Saturday, August 16, 2008

Senator McCain's Faith

Maeve Reston wrote an article in the Los Angeles Times on Senator McCain’s faith. Like or dislike him this is a good look at his hard won Christian faith. A short excerpt.

McCain is most comfortable talking about his religious awakening during his 5 1/2 years in captivity, where his connection to God grew stronger and he served as "room chaplain" for a small group of prisoners.

In his early life he was influenced by his "deeply religious" father, who relied on his faith in a long struggle with alcoholism. Prayer and church became an "ingrained part" of McCain's life at his high school, where he attended chapel every morning and on Sunday evenings, even after church, he says.

McCain says in those days, he was a self-absorbed rule-breaker who became a hard-partying naval aviator. It was not until after his plane was shot down over Hanoi in October 1967, he wrote in his memoir, "Faith of My Fathers," that he learned to "grasp" faith tightly. In solitary confinement, he prayed "more often and more fervently than I ever had as a free man."
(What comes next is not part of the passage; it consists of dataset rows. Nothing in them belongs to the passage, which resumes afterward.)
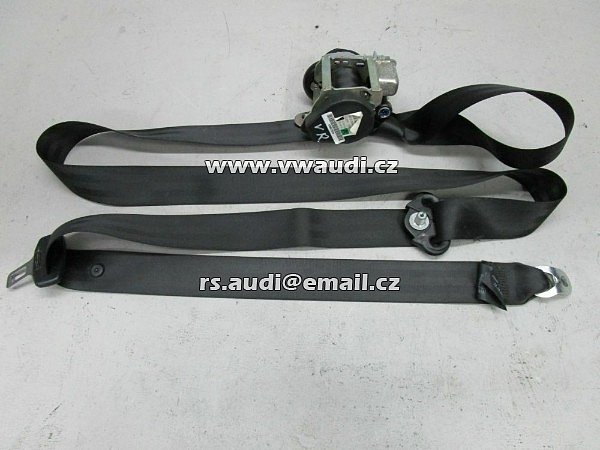 1Z0 857 702 A  SKODA OCTAVIA II Combi 2009 Bezpečnostní pás přední pravý - 3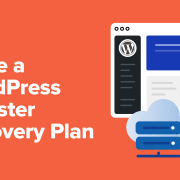 How to make a WordPress disaster recovery plan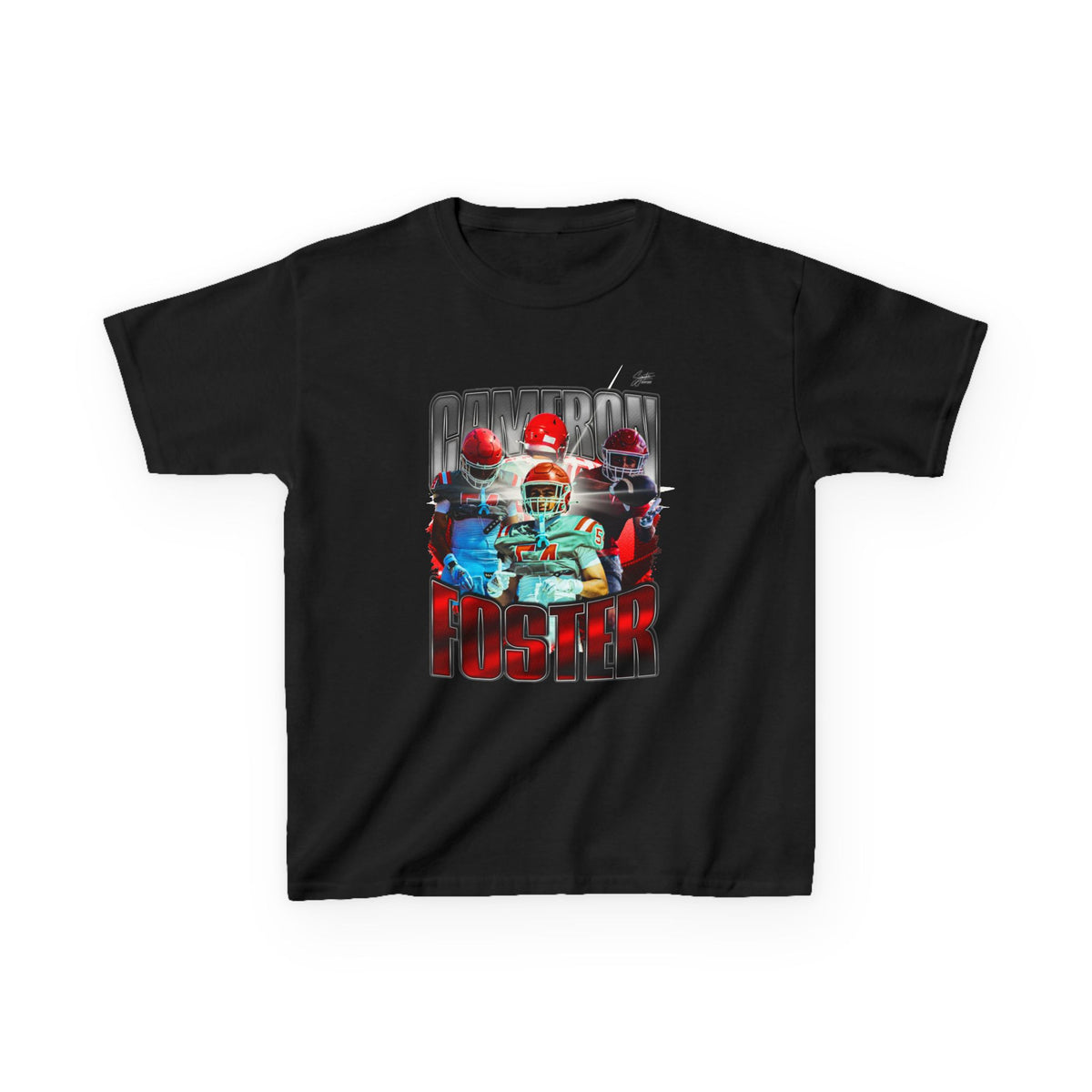 Cameron Foster Youth Heavy Cotton Tee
"I was very slow in maturing," he said aboard his campaign plane. "I knew right from wrong; I knew the Bible; I knew the Nicene Creed and the Apostles' Creed and the tenets of my faith. And although I neglected them, the time came that I could fall back on them as a net, as a way of salvation, literally."

Often his faith helped him "get through another minute," he said. At the same time, McCain said, he learned to be "careful not to ask God to do things that were temporal rather than spiritual."
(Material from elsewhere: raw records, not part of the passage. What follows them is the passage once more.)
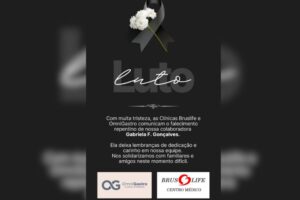 Jovem de 23 anos sofre mal súbito e morre no local de trabalho em Brusque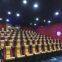 High end rocking cinema chair,leather folding cinema seats with cupholder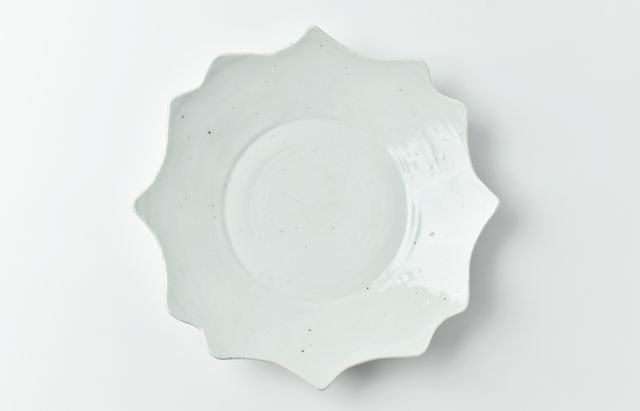 中国美術 斑紫釉 皿 φ19cm(K-XA750) 中国美術 斑紫釉 皿 φ19cm(K-XA750) 中国美術 斑紫釉 皿 φ19cm(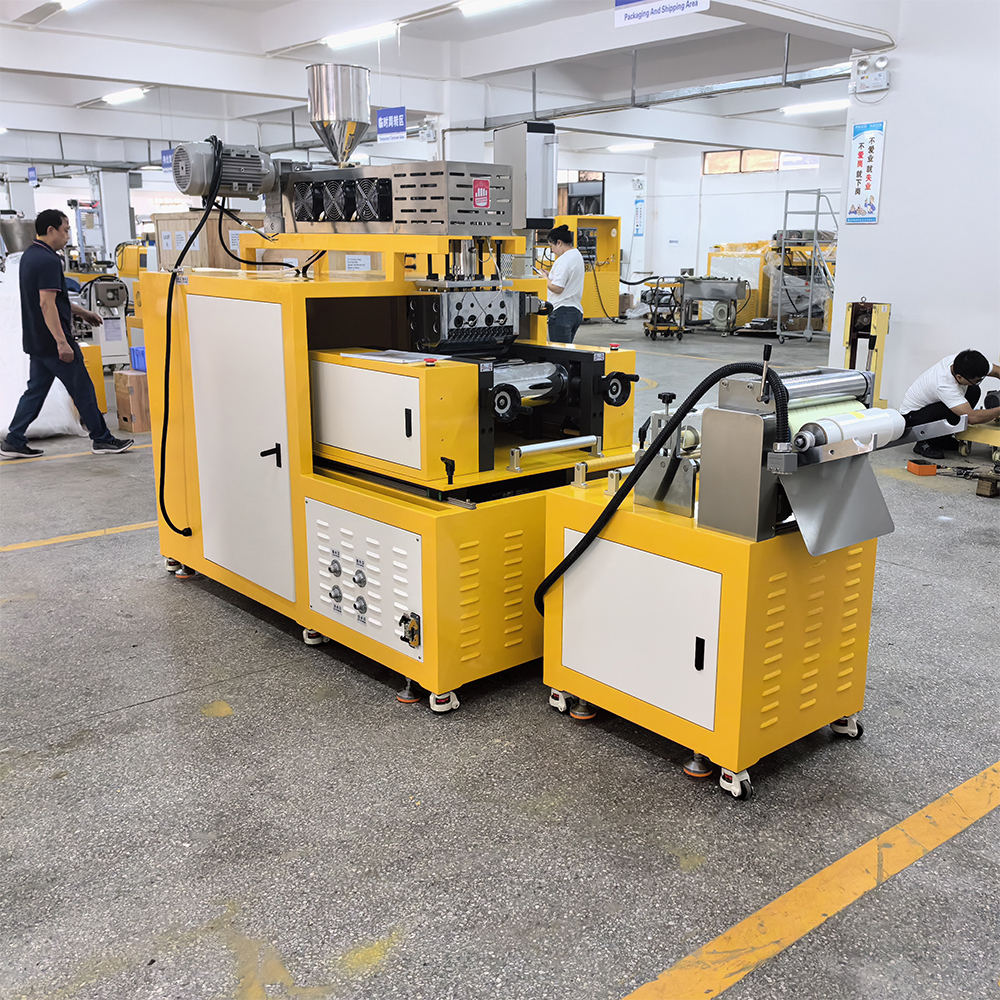 ZS-432-25下擠出流延機（jī） 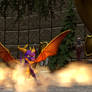 SFM The Legend of Spyro: DoTD 'Fired Up'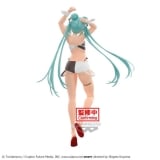 Оригинальная аниме фигурка &laquo;Hatsune Miku Racing Ver. Racing Miku 2023 Tropical Ver.&raquo;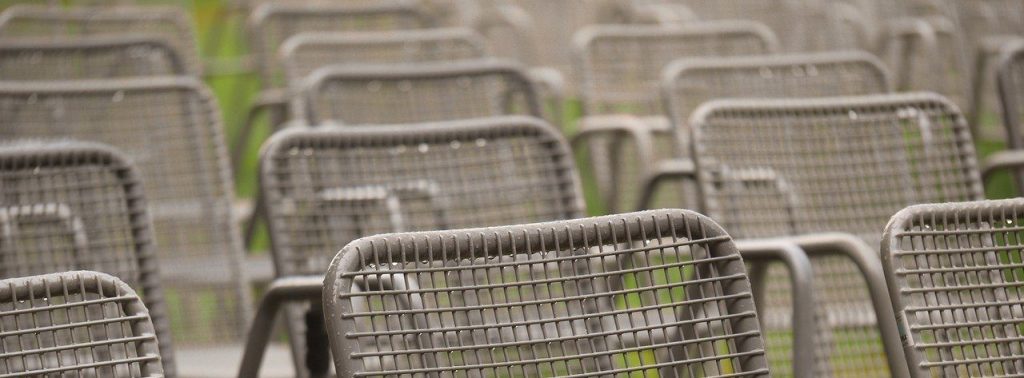 Schönheit im Absagen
In McCain's first talk as chaplain, he cautioned fellow prisoners not to pray for their release -- reminding them of a parable in which Jesus was asked whether it was right to pay taxes. "He held up the coin and said, 'Render unto Caesar that which is Caesar's and unto God that which is God's,' " McCain said, recalling his lecture. "The point of my talk was we were doing Caesar's work when we went into combat, so we really shouldn't ask God" for release.

That lesson guided McCain not to pray for his own personal success. "I pray to do the right thing so I won't look back in regret or embarrassment or even shame that I betrayed my principles and my faith," he said

HT: Get Religion blog

1 comment:

Dymphna said...

I believe McCain is sincere and I think he was forced to either grow up or die while in prison.

It's interesting that when he was doing his turn as chaplain, he seemed to have large parts of the Book of Common Prayer already in his head and he could use that as a template for his "liturgy".

I think I want to read his book. It'll be interesting to see if the library has it. I don't doubt they have Obama's.

OTOH, the NYT #1 -- Corsi's book on Obie -- has to be purchased by the library committee. Interesting dilemma for those leftward folks.